Doch ganz so idyllisch wie es scheinen mag ist der Ort nicht, an dem wir uns befinden:
Denn der See vor uns ist der Schwedt-See, mitten in Brandenburg und eine knappe Autostunde von Berlin entfernt gelegen – und das Städtchen heisst heute Fürstenberg an der Havel und war fast sieben Jahre lang einer der Orte eines der grössten Verbrechen der Menschheitsgeschichte und damit ein Ziel der Deportationen, die heute vor genau 82 Jahren in der Hauptstadt ihren Anfang nahmen – in der Reichskristallnacht am 9. November 1938

Damals hiess dieser Ort noch Ravensbrück* – genau wie das KZ, vor dessen Krematorium wir gerade stehen.Wir müssten uns nur umdrehen und ein paar Schritte gehen, dann würden wir die Verbrennungsöfen sehen – heute eine Gedenkstätte an die Verbrechen, die nicht nur an diesem Ort geschehen sind. Steril, kalt – aber immer noch ein Ort des Grauens….
Wie überhaupt das ganze Gelände des KZs mit seinen noch bestehenden Gebäuden, die aus jeder Pore das Unrecht atmen, welches damals geschehen ist.Um so unverständlicher für mich, dass damals niemand etwas gewusst haben will.
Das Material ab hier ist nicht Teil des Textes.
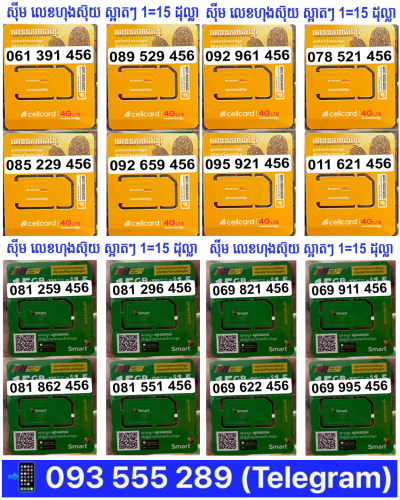 តារាងលេខហុងស៊ុយ smart ស្អាតៗ page 3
Denn die anderthalb Kilometer Distanz zwischen dem Kirchturm der Stadtkirche und dem Krematorium sind ja keine weite Entfernung.
Die Häftlinge werden also die Glocken über den See hinweg gehört haben – und umgekehrt dürfte bei Ostwind auch der Rauch und der Gestank des Krematoriums seinen Weg bis in die Stadt gefunden haben.
Wohlmöglich auch die Schreie der gequälten Menschen.
Bekanntlich tragen ja auch menschliche Stimmen weit über das Wasser…
Und gesehen haben wird man den Rauch in der Stadt sicher genau so gut, wie man vom Krematorium aus den Kirchturm erkennen kann.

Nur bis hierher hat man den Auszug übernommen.